Neste sentido, a chef de A Casa do Porco não acredita que restaurantes muito formais, com cozinhas elitizadas — com exceção de nomes já tradicionais — tenham espaço nos próximos anos. Em vez disso, aposta na tendência de comida boa e acessível. E, para ela, a coquetelaria é outro ponto que merece atenção por ter se destacado na cena gastronômica e evoluído para além do próprio álcool.

“Eu fui a um congresso em Barcelona, na Espanha, e apresentaram uma máquina para retirar álcool das bebidas. É claro que gerou muita polêmica, só que nem sempre as pessoas querem a bebida em si, já que há muitas questões de saúde envolvidas, e querem o sabor. Vejo isso como uma tendência para o futuro e há grandes empresas dedicadas à redução do consumo de álcool até 2050”.

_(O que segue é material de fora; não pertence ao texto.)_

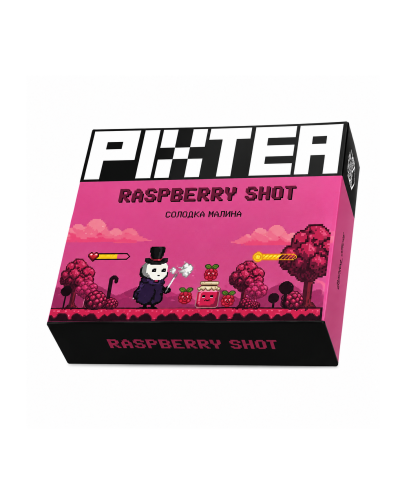 Безтютюнова суміш PixTea Raspberry Shot (Солодка малина) 50г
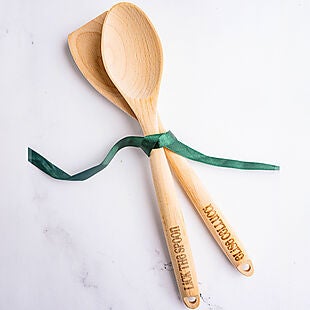 2 Personalized Wooden Utensils $20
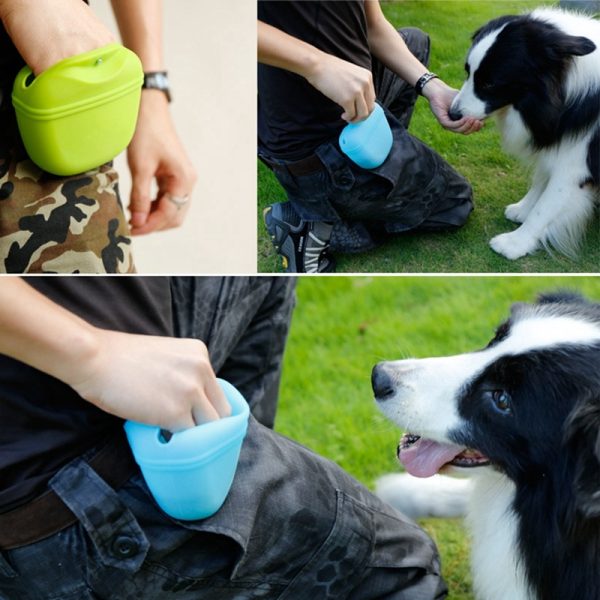 1PC Portable Pet Dog Training Bag Food Reward Waist Bags Pet Supplies Pouch Obedience Agility Outdoor Feed Storage Waist Bags 2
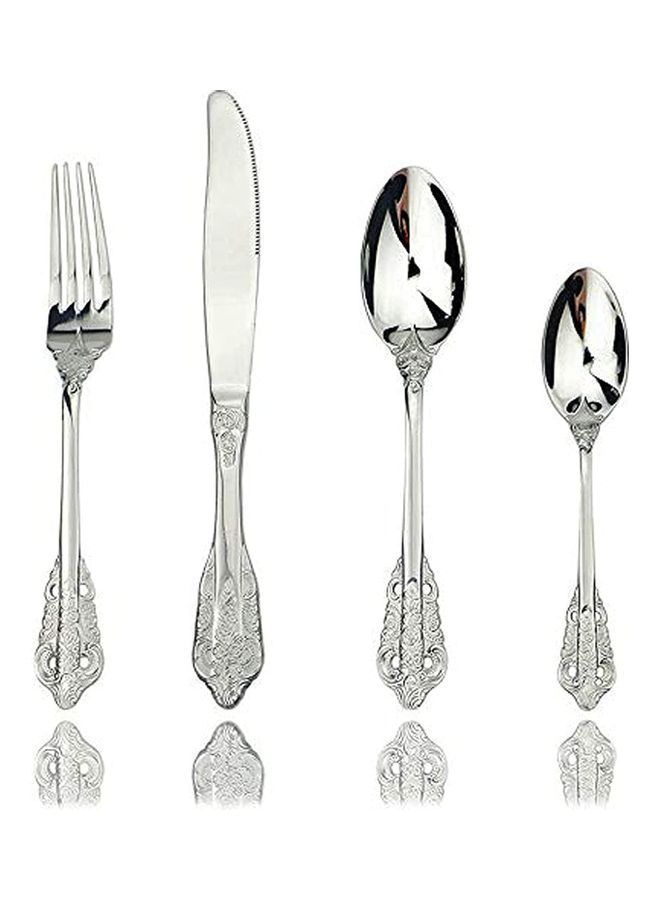 نيبمينينت طقم أدوات مائدة من الستانلس ستيل مكون 4 قطع فضي - Image 1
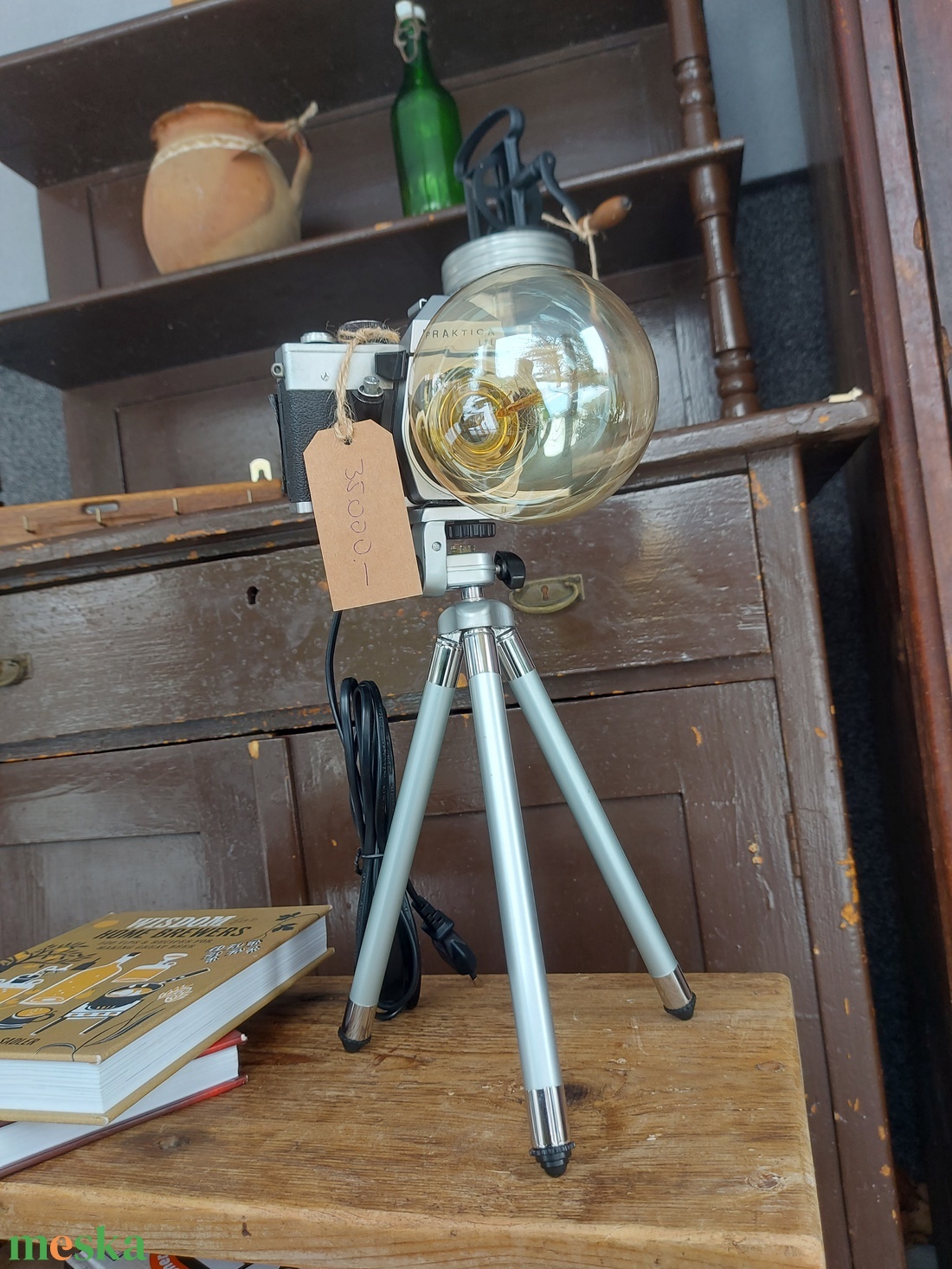Fényképezőgép lámpa  - otthon & életmód - lámpa - asztali lámpa - Meska.hu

Por fim, Janaína Torres  Rueda acredita que o sucesso do setor está diretamente ligado à criação de políticas públicas que incentivem desenvolvimento de pequenos e médios restaurantes e a economia criativa, além de o turismo — aproveitando uma estratégia que, segundo ela, já é aplicada em países como Colômbia, Peru e México — como ferramenta para aumentar a movimentação por aqui.

“Quem viaja tem que tomar café da manhã, almoçar e jantar. Tanto que, muitas vezes, restaurantes podem ser mais visitados que os próprios museus, já que a comida também é capaz de transmitir as histórias de um lugar. No nosso caso, a culinária está diretamente ligada à nossa cultura latina e aos imigrantes que vieram ao Brasil. É uma solução fácil, mas precisa da ajuda de todo mundo”.